The (International) Noise Conspiracy die Zweite. Die fünfköpfige Band
des Ex-Refused Frontmanns Dennis Lyxzén hat sich gegenüber ihrem
Debüt "Survival Sickness" nur wenig verändert. Wer die seligen
Refused-Zeiten immer noch vermisst, der wird auch mit diesem Album nicht glücklich werden.
Aber kein Grund zur Sorge, TINC sind nicht minder gut, sondern setzen auch
hier wieder stilistische Akzente, die sich langsam und unbemerkt zum Trend
ausweiten. Rock`n`Roll ist wieder in.
Bob Dylans "New Morning" stand bei der Namensgebung zur Hälfte Pate, das
mit der Musik von TINC aber nur sinngemäß verwandt ist. Des weiteren
beziehen die Schweden sich nach eigener Aussage auf eine linksradikale
amerikanische Gruppe namens "The Weathermen". Somit wäre wenigstens das
geklärt. Überhaupt ist es eine Herausforderung, sich des Booklets
anzunehmen. Diverse Zitate linker Ikonen wie Karl Marx vervollständigen die
Lyrics. Auf der Rückseite ist eine Abhandlung der Band zur
"Global Fear Factory" zu finden, in der sie die Mechanismen des Kapitalismus
analysieren und ihre eigenen Visionen einer besseren Welt erläutern.
Außerdem noch ein paar
Hinweise auf linke Internetseiten. Neben dieser Hauptthematik befassen sich
die Songs darüber hinaus noch mit dem Feminismus ("Breakout 2001") und der
Homosexualität ("A Body Treatise"). Konfliktstoff ist also ausreichend
vorhanden, woran sich die Geister natürlich scheiden. Man kann es entweder
als aufgesetztes Image, das sich in Verbindung mit der kapitalistischen
Plattenindustrie selbst verleugnet betrachten, oder man hält es für eine
überzeugende, kritische Beleuchtung der dunklen Machenschaften des
Kapitalismus.
Wie auch immer, TINC machen in jedem Fall gute Musik. 70er Punk verbindet
sich mit Rock`n`Roll zu einer hart groovenden Mischung, wobei der
Punk-Anteil gegenüber dem Debüt
leider etwas geschwunden ist. Die Gitarren sind schmutzig eingespielt und
passen perfekt zum lautstarken Gesang. Auffallend viel Platz wurde auch den
Hammonds eingeräumt. "A Northwest Passage", "Up For Sale" und "Dead Language Of Love"
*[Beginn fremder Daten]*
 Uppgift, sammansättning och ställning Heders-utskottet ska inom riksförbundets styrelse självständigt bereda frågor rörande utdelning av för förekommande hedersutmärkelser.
sind die Punk-Speerspitzen im abwechslungsreichen TINC-Sound. "New Empire Blues",
"Bigger Cages, Longer Chains" überraschen z.B. mit Saxophon-Versatzstücken.
Mit dem sich in Heavy Rotation befindenden Hit "Capitalism Stole My
Virginity" und "A New Morning, Changing Weather", beweisen sie auch
durchaus ein Gespür für Melodien. Und um sich auch der letzten
Kategorisierung in den Weg zu stellen, ist mit "Last Century Promise" auch
ein verzerrtes und sperriges
Song-Vehikel zu finden, was aber nicht unbedingt zu den genialen Momenten
der Platte zählt. Am besten sind TINC nämlich dann, wenn sie straight
rocken und in feinster Punk-Manier dem Kapitalismus den Mittelfinger zeigen.
"Robbed out of our bleeding hearts smashed our illusions tore them all
apart. But now we are unsentimental and unafraid to destroy this culture
that we hate." - bitte mehr Bands von diesem Schlag!